▸ **EXERCISE DETAILS**:
Output all the data exactly. Pictures do not belong in the copy.

Dataset items:
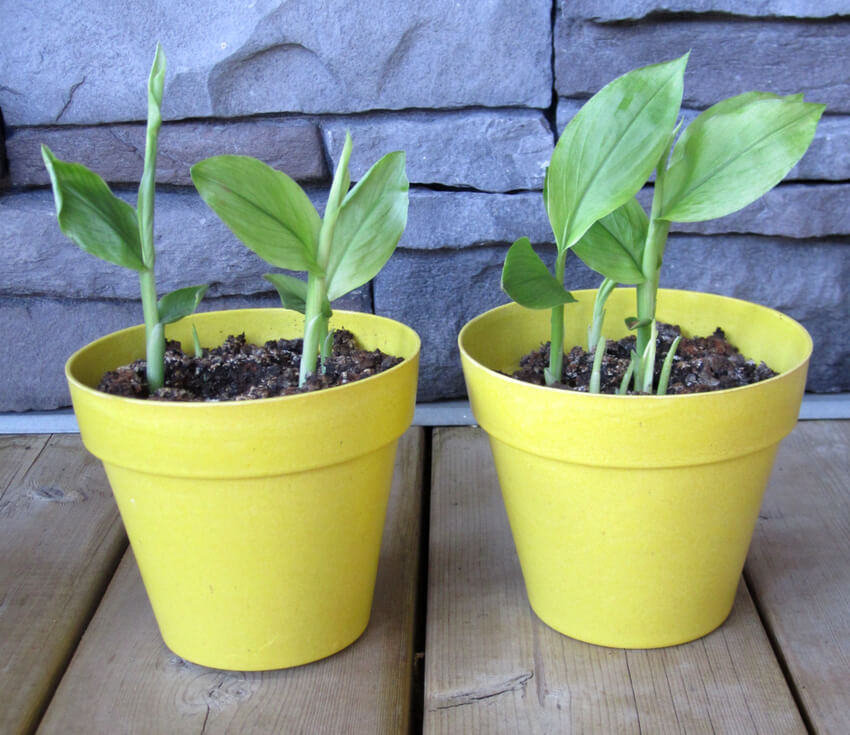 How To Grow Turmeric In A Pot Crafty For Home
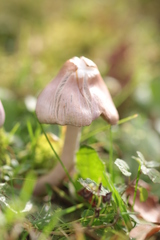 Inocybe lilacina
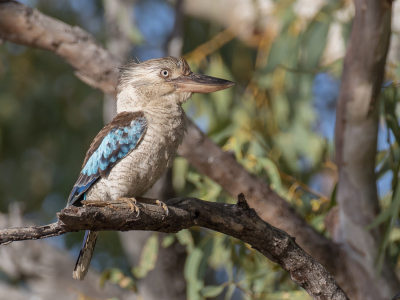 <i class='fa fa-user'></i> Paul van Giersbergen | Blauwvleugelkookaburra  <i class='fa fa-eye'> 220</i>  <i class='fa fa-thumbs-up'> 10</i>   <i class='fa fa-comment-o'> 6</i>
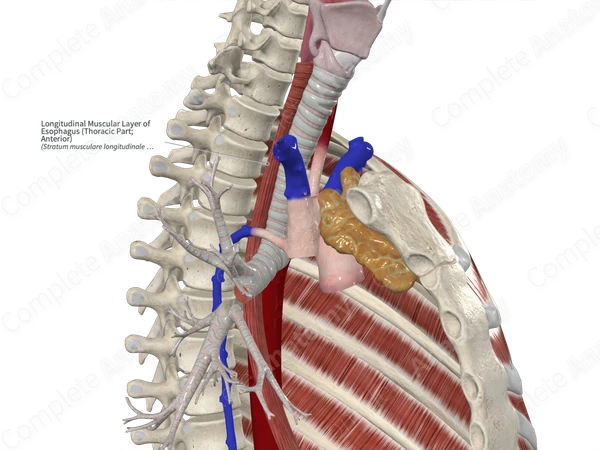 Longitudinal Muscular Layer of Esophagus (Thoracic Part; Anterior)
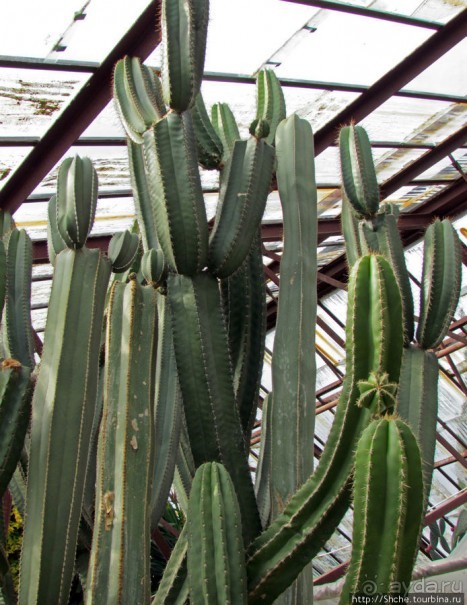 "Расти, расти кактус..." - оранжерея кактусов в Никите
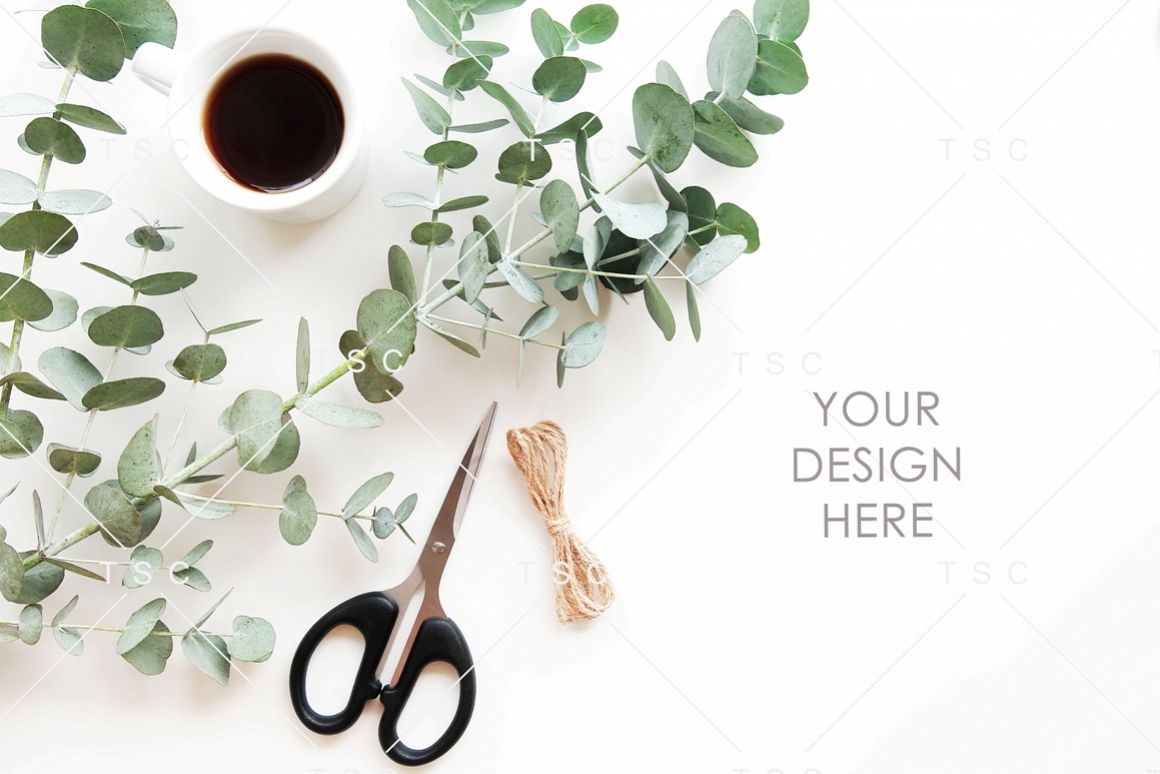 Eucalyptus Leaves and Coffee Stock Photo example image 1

▸ **RESULT FOR THIS EXERCISE**:
 How To Grow Turmeric In A Pot Crafty For Home
 Inocybe lilacina
 <i class='fa fa-user'></i> Paul van Giersbergen | Blauwvleugelkookaburra  <i class='fa fa-eye'> 220</i>  <i class='fa fa-thumbs-up'> 10</i>   <i class='fa fa-comment-o'> 6</i>
 Longitudinal Muscular Layer of Esophagus (Thoracic Part; Anterior)
 "Расти, расти кактус..." - оранжерея кактусов в Никите
 Eucalyptus Leaves and Coffee Stock Photo example image 1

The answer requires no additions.